Assignment — Retype exactly the lines that run from the start of the data to the line holding "Custom Leather Diary", including both, and only those.

─── Dataset records ───

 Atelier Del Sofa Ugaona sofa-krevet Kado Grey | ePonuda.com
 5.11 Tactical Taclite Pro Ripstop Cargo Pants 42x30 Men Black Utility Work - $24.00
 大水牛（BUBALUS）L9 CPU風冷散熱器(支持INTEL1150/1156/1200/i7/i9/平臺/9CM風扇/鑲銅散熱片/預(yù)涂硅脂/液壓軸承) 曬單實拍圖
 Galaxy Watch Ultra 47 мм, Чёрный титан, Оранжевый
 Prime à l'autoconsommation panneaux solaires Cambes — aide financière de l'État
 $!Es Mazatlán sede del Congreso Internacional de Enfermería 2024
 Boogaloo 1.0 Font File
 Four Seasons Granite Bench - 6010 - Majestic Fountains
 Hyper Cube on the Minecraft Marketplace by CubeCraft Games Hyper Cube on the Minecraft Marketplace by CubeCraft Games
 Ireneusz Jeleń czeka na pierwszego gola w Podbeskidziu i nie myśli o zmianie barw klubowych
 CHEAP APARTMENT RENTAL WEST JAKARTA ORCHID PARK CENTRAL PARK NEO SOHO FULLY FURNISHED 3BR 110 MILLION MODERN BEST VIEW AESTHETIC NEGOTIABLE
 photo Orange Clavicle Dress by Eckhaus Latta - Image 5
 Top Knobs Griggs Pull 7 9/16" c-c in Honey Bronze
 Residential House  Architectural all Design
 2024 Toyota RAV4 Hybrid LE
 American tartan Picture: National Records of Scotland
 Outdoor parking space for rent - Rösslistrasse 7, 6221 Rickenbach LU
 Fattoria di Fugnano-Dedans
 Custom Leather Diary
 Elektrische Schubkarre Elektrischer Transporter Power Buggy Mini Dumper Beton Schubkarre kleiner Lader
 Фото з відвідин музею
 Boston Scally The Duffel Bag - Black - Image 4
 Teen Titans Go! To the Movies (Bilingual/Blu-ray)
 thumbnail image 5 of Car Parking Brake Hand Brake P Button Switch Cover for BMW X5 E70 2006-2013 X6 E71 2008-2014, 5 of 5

───

Exercise result —
 Atelier Del Sofa Ugaona sofa-krevet Kado Grey | ePonuda.com
 5.11 Tactical Taclite Pro Ripstop Cargo Pants 42x30 Men Black Utility Work - $24.00
 大水牛（BUBALUS）L9 CPU風冷散熱器(支持INTEL1150/1156/1200/i7/i9/平臺/9CM風扇/鑲銅散熱片/預(yù)涂硅脂/液壓軸承) 曬單實拍圖
 Galaxy Watch Ultra 47 мм, Чёрный титан, Оранжевый
 Prime à l'autoconsommation panneaux solaires Cambes — aide financière de l'État
 $!Es Mazatlán sede del Congreso Internacional de Enfermería 2024
 Boogaloo 1.0 Font File
 Four Seasons Granite Bench - 6010 - Majestic Fountains
 Hyper Cube on the Minecraft Marketplace by CubeCraft Games Hyper Cube on the Minecraft Marketplace by CubeCraft Games
 Ireneusz Jeleń czeka na pierwszego gola w Podbeskidziu i nie myśli o zmianie barw klubowych
 CHEAP APARTMENT RENTAL WEST JAKARTA ORCHID PARK CENTRAL PARK NEO SOHO FULLY FURNISHED 3BR 110 MILLION MODERN BEST VIEW AESTHETIC NEGOTIABLE
 photo Orange Clavicle Dress by Eckhaus Latta - Image 5
 Top Knobs Griggs Pull 7 9/16" c-c in Honey Bronze
 Residential House  Architectural all Design
 2024 Toyota RAV4 Hybrid LE
 American tartan Picture: National Records of Scotland
 Outdoor parking space for rent - Rösslistrasse 7, 6221 Rickenbach LU
 Fattoria di Fugnano-Dedans
 Custom Leather Diary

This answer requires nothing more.